Chitrik, 44, rabbi of Istanbul’s Ashkenazic community and chairman of the Alliance of Rabbis in Islamic States, was two weeks into a three-week road trip across more than 5,000 miles of Turkish countryside, together with his 18-year-old son, Chaim, a student at the Chabad-Lubavitch rabbinical college in Los Angeles, and visiting nephew, Eliezer Schurder, when he spoke with Chabad.org, from Cappadocia, Turkey, whose ancient Jewish community Rabbi Yochanan Ben Nuri was so concerned about almost 2,000 years ago.

A Journey Through the Past and the Present

Chitrik’s journey is about more than retracing Turkey’s rich Jewish history, the rabbi explains, “It’s about meeting living Jews, Jewish history and supervising kosher food production in Turkey,” where Chitrik, among his other communal and rabbinic duties, oversees kosher supervision for the Turkish Chief Rabbinate (KTR) and on behalf of international kosher certification agencies such as the OK and OU.

Chitrik is far from a mere observer of Turkey’s Jewish heritage; he lives and breathes it.

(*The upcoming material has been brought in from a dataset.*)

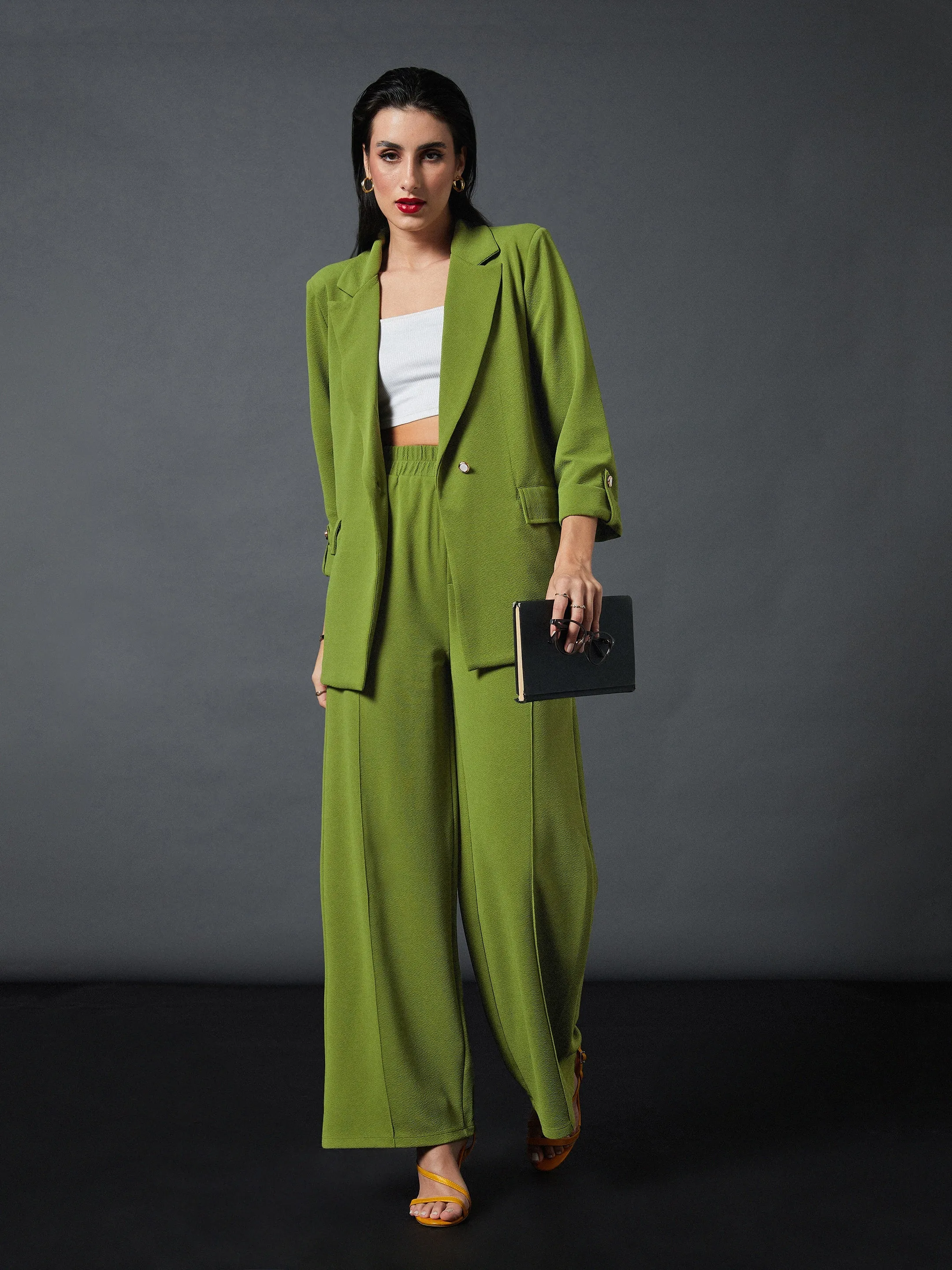 Women Olive Front Button Blazer With Palazzo Pants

Serving as the Chabad rabbi of the Istanbul Ashkenazic community since 2001—with the help of his wife, Chaya, and their eight children—he is fluent in six languages, among them, Turkish and Ladino, a Judeo-Spanish language once spoken around the world by Sephardic Jews, but not often heard today. Chitrik teaches the world’s only Ladino Torah class. After two decades, the rabbi is an expert on Ottoman Jewish history and has made several such journeys in the past.

I spoke with the busy rabbi hours before Shabbat in Cappadocia, where he would be spending Shabbat before continuing on to Kayseri, a city where the Talmud records 12,000 were killed during a revolution. Today, nothing remains of the once-large Jewish community there. “We’re recording Jewish footsteps,” remarks Chitrik. “I want to bring these sites to the attention of the local Muslims and Jews. We’ve shared this ground for thousands of years.”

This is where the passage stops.